Michel Juneau-Katsuya appeared before the House of Commons Committee on Access to Information, Privacy and Ethics on Aug. 9 where he said that Canadian intelligence agencies such as CSIS and the RCMP have had to closely monitor politicians known to be working for foreign entities.
“We have had to surveil parliamentarians because there are parliamentarians at all levels—whether it’s municipal, provincial, or federal—that are being paid by foreign governments and that are not necessarily acting in the interests of Canada,” said Juneau-Katsuya.
Juneau-Katsuya did not name the specific foreign governments or Canadian politicians involved but said that the issue is ongoing.
“It was [happening] beforehand and it’s still happening,” he said. “Foreign agencies try to recruit elected officials and it’s fairly easy because elected officials don’t necessarily listen to the security guidelines to protect themselves, or sometimes they may be ignorant or maybe serve their own self-interests.”
Juneau-Katsuya said he couldn’t say how many politicians have been monitored under the suspicion of working for foreign governments, nor did he name any foreign governments involved.
“What we know for sure is that we have various foreign countries who’ve succeeded in recruiting elected officials—again, municipal, provincial, or federal—and were capable to influence this way,” he said.
The federal government stated in a June 2021 response to a report by the Commons Committee on Foreign Affairs that “Chinese authorities” have been reported for “harassment and intimidation of individuals in Canada.”

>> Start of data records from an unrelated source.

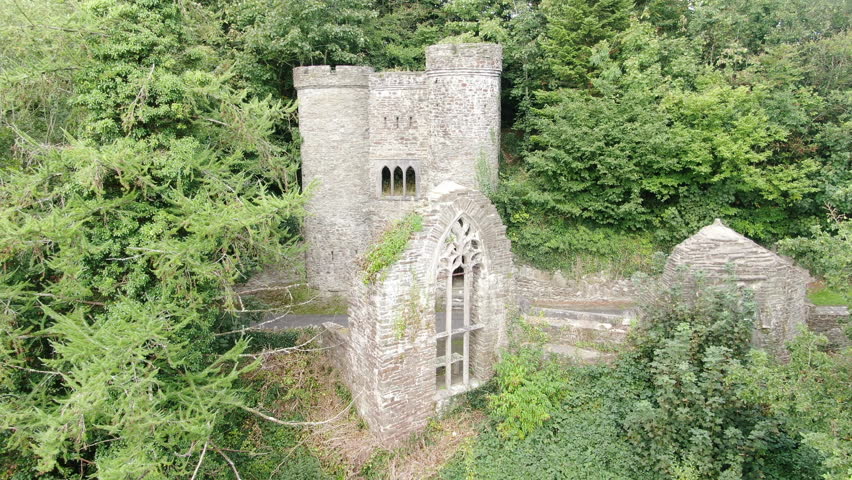 Drone shot of ruin Heywood Gardens, county Laois, Ireland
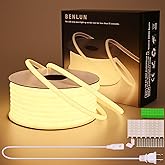 BENLUN AC 110V COB LED Strip Lights 98.4ft, 3000K Warm White LED Rope Light Outdoor Waterproof, 10W/M CRI 90+ Flexible Cuttable, for Bedroom, Living Room, Garden, Commercial, House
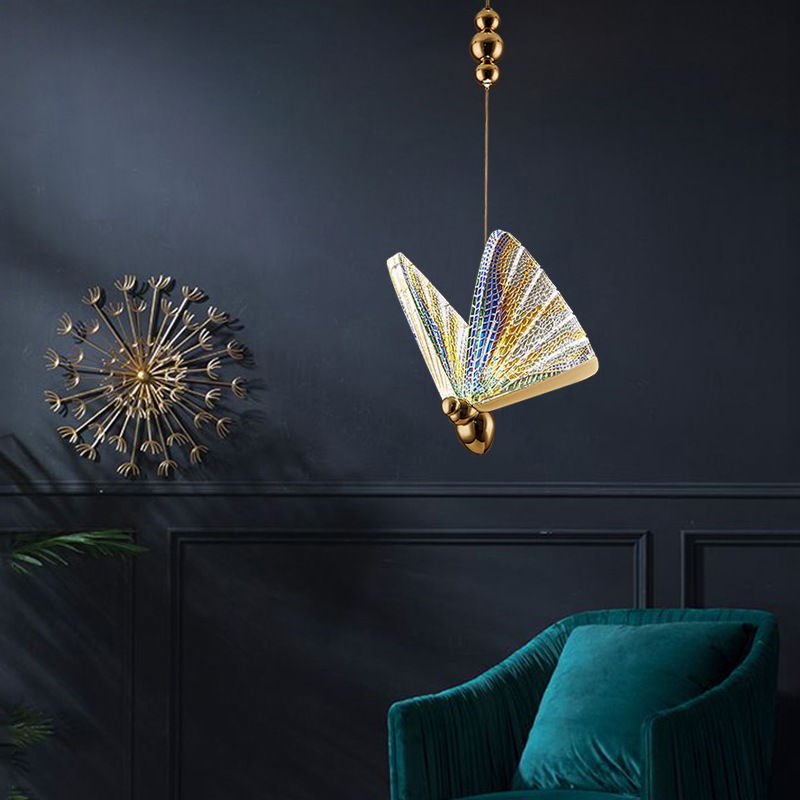 Lámpara de mariposa moderna y minimalista personalidad lámpara de comedor bar cabezal de cama iluminación nórdica mariposa lámpara de escalera dúplex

“The Government has warned Chinese authorities against interference activities, raised concerns directly over attempts to intimidate Canadians from freely expressing their views, and will continue to do so,” read the statement.
Juneau-Katsuya also told the committee that certain politicians have to be monitored after they leave public office for fear that they may either start or continue working “directly against national security.”
“So there’s a certain concern when some people leave public office for what they’ve done during the public office and what they do after [leaving] public office,” he said.
Bloc Quebecois MP René Villemure said that he was “disturbed by the revelation that elected officials could be recruited by foreigners” while Conservative MP James Bezan said he was “dumbfounded” by the news.
Although there is no current law requiring that elected officials make public their work for foreign agencies, Bill S-237, which is awaiting approval by the Senate, will obligate “individuals acting on behalf of a foreign principal” to declare their related actions and will increase the legal penalties for those found guilty of acting on behalf of foreign governments.